From the first line to the last, copy the listing exactly and omit the pictures.

DATA SEGMENT:
+ + + +

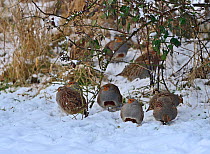 Grey partridges (Perdix perdix) in snow, Norfolk, UK, January.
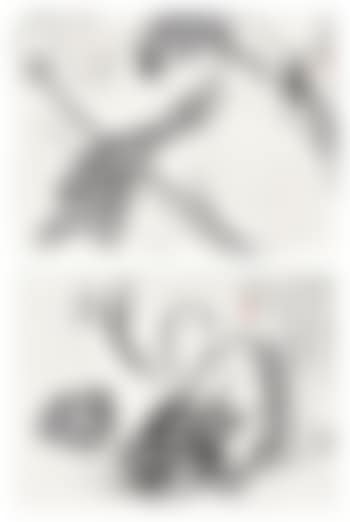 Narcissus and lotus , (preview)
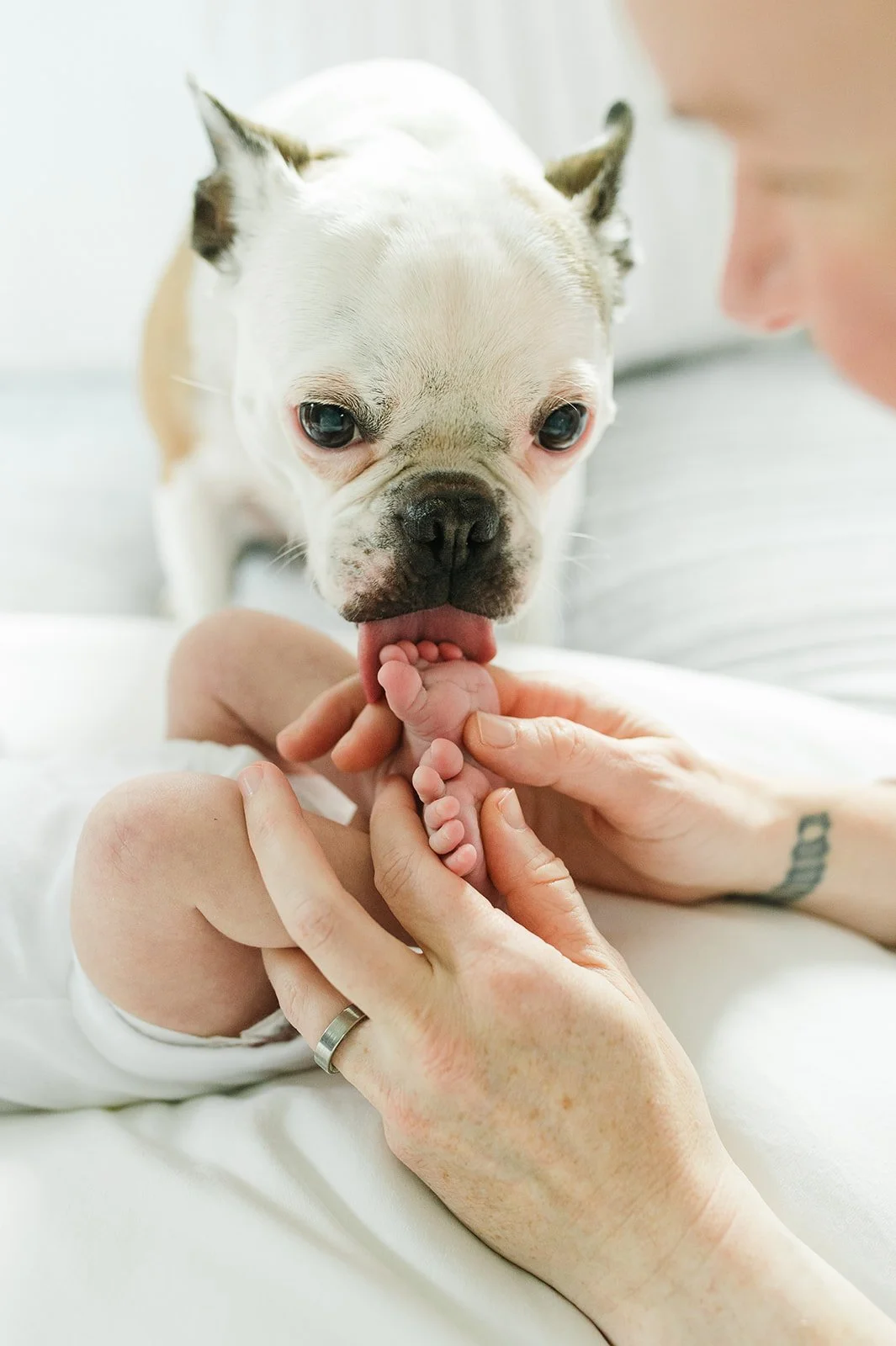 What to Expect at Your In-Home Newborn Session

+ + + +

YOUR SOLUTION:
 Grey partridges (Perdix perdix) in snow, Norfolk, UK, January.
 Narcissus and lotus , (preview)
 What to Expect at Your In-Home Newborn Session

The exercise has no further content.